From: Walter Roberson on
Duane Hanselman wrote:
>
>> You could take the average of the three channels, then threshold the
>> mean to get a black-white representation.
>>
>> >> a=rand(10,8,3);
>> >> a=mean(a,3)>.5;
>> >> imwrite(a,'binary.tif');
>> >> info = imfinfo('binary.tif');
>> >> info.BitsPerSample
>
>
> That almost works. The figure is 1 bit, but it now has a bunch of
> unwanted random one pixel wide horizontal lines in it.
>
> I changed the threshold value to >0 and >0.99 but the spurious lines
> remain in the same place.

I would _try_ using 'Compression', 'none' in the imwrite() call.
According to the documentation it should already be lossless, but it
doesn't hurt to be sure.
From: Ashish Uthama on
On Mon, 24 May 2010 18:14:17 -0400, Walter Roberson
<roberson(a)hushmail.com> wrote:

> Ashish Uthama wrote:
>> On Mon, 24 May 2010 15:20:05 -0400, Duane Hanselman
>> <masteringmatlab(a)yahoo.spam.com> wrote:
>
>> You could take the average of the three channels, then threshold the
>> mean to get a black-white representation.
>
> However, that would be relatively unusual.
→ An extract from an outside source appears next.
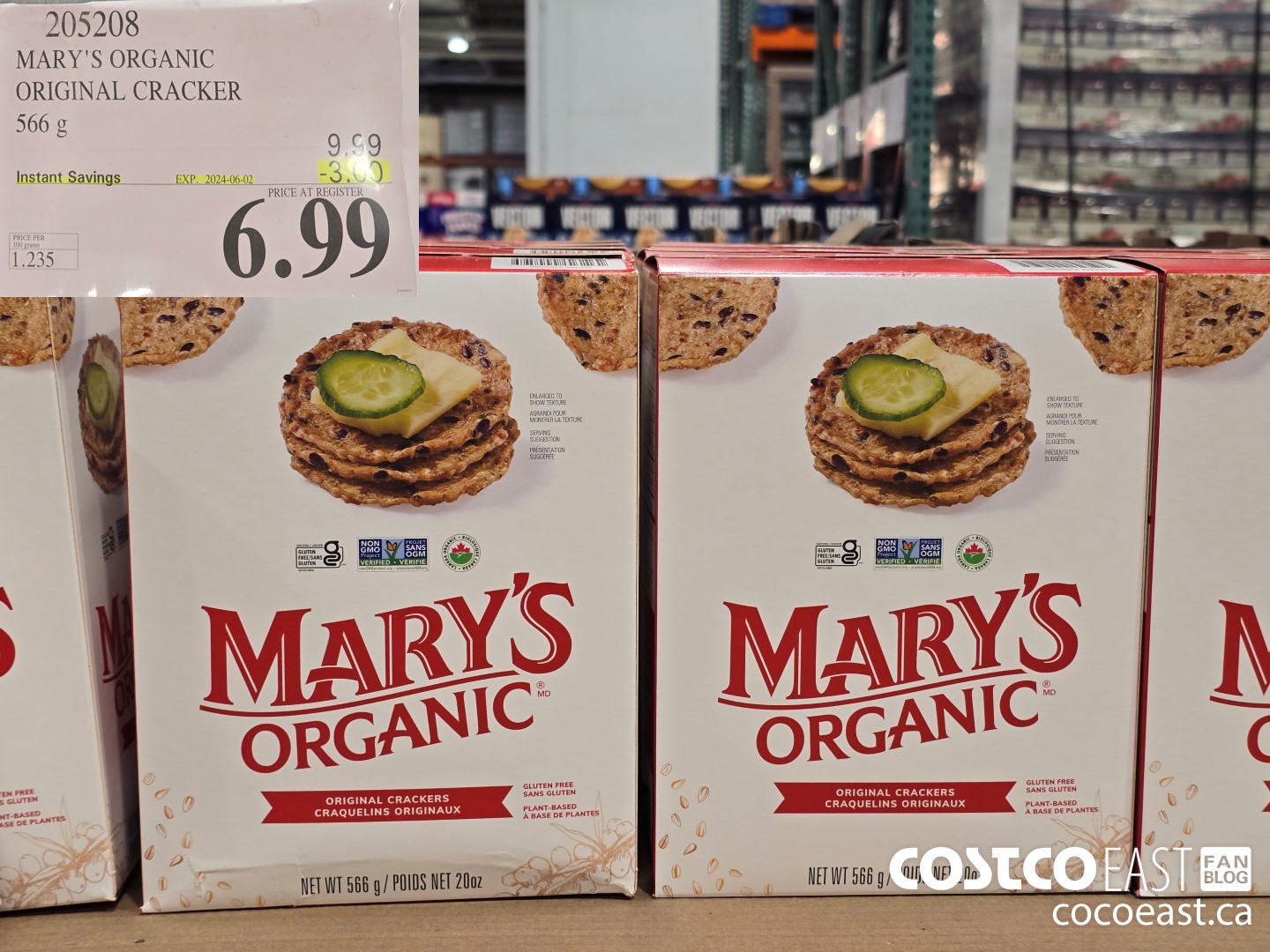 205208 MARY'S ORGANIC ORIGINAL CRACKER 566G ($3.00 INSTANT SAVINGS EXPIRES ON 2024-06-02) $6.99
You would normally use a
> weighted average rather than an equal average. The appropriate weights
> are known to rgb2gray() and you could then im2bw() the result. You may
> also wish to use graythresh() to compute the appropriate threshold.

OP:
"I do not have the image processing toolbox, so I need something I can
implement without it. The original image is bw so, 1 bit should be fine."

I should have been more clear that this is a 'workaround'. I also just
realized the 'bw' part. You could as well just use one of the channels
from the RGB image: (A grayscale/BW image represented in RGB terms implies
that all three components have the same value).